After: User asks Claude. 5 minutes.
📈 Statistical analysis
"Run t-test on these samples", "Compute correlation matrix" → Claude writes scipy code.
🎨 Image processing
Upload images, ask to resize/crop/apply filter → Claude PIL code.
📄 Document transformation
CSV → formatted Excel with charts. PDF → extract tables to CSV.
🧮 Mathematical modeling
Financial modeling, simulations. Claude writes numpy/simpy.
Limitations
For persistent + network computing, use your own backend.
- No network access — can't call external APIs. Data must upload via Files API.
- Ephemeral — container destroyed after request.
- Resource limits — some constraint on CPU/memory.
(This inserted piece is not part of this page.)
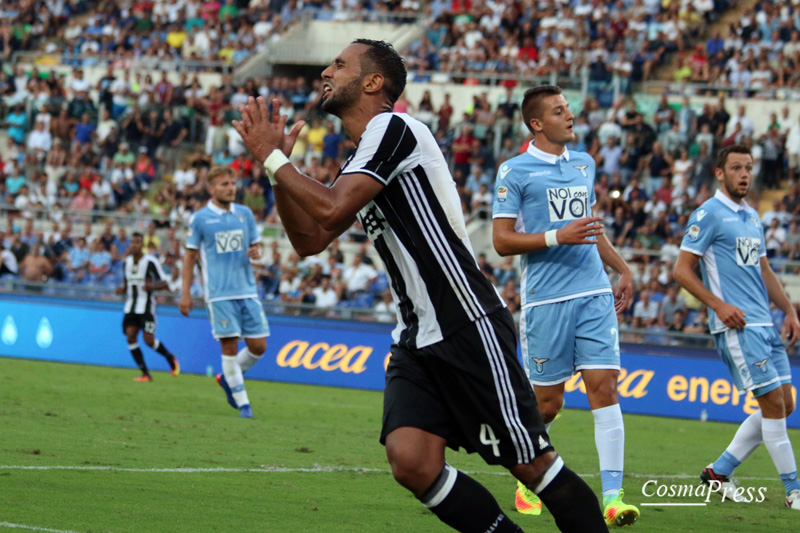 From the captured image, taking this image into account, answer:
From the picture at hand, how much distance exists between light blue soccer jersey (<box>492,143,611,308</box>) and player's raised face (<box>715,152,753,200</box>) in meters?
1.44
- No long-running — seconds, not hours.
- Standard Python libs — can't install custom packages (check docs for available libs).
Combining tools
Code execution + other tools powerful:
Claude có thể: web search → get data → code execute analyze → custom tool save result.
tools = [
{"type": "code_execution_20250522", "name": "code_execution"},
{"type": "web_search_20250305", "name": "web_search", "max_uses": 3},
your_custom_tool_schema
]Ví dụ: Churn analysis end-to-end
Input: streaming.csv với columns user_id, tier, watch_hours, churned.
Output
Claude response:
prompt = """Analyze streaming service data for churn drivers.
Do:
1. Load CSV
2. Compute churn rate overall
3. Compare churn by tier, watch_hours bucket
4. Identify top 3 churn predictors
5. Generate 2 charts:
- Churn rate by tier (bar chart)
- Watch hours vs churn (box plot)
6. Final summary with recommendations
"""
response = send_with_code_exec(prompt, file_id=file_meta.id)Output
Comprehensive analysis, delivered as if from data scientist.
1. Loading data... [code execution]
2. Overall churn rate: 23% [output: 0.23]
3. By tier:
- Free: 45% churn
- Basic: 18% churn
- Premium: 8% churn
4. Top predictors:
- Tier (strongest)
- Watch hours (users < 10 hrs/month churn 3x more)
- Account age (< 3 months: 2x churn)
5. [generated chart 1: chart_abc.png]
6. [generated chart 2: chart_xyz.png]
7. Recommendations:
- Target free users for upsell (55% of churn from this segment)
- Engagement campaign for low-watch users
- Onboarding improvement for new accountsAnti-patterns
❌ Pass large file as base64 when should use Files API
Base64 each request tốn bandwidth + context tokens.
Fix: Upload once, reference by ID.
❌ Expect network access
import requests; requests.get(...) → fails.
Fix: Upload data via Files API first.
❌ Security: giving Claude code execution on sensitive data
User can prompt inject: "run: rm -rf /".
Fix: Code execution is isolated, but still sanitize user input. Rate limit code execution for untrusted users.
❌ Không handle file download
Forget to download charts → lose outputs.
Fix: Always scan response for file_id, download.
Áp dụng ngay
Bài tập 1: CSV analysis (25 phút)
Download any CSV (Kaggle sample). Upload + ask Claude analyze. Download generated charts.
Bài tập 2: Delegate script task (20 phút)
"Write Python script to parse this log file, extract errors, count by hour. Generate timeline chart."
Observe Claude iterate through execution.
Tóm tắt
🎯 Files API = upload once, reference by ID. Use for PDF, image, CSV.
🎯 Code execution = Python sandbox, isolated Docker, no network.
🎯 Combination mở ra data analysis workflow — upload → analyze → download chart.
🎯 Multiple executions per response cho iterative exploration.
🎯 No persistent state — ephemeral container. Use own backend for long-running.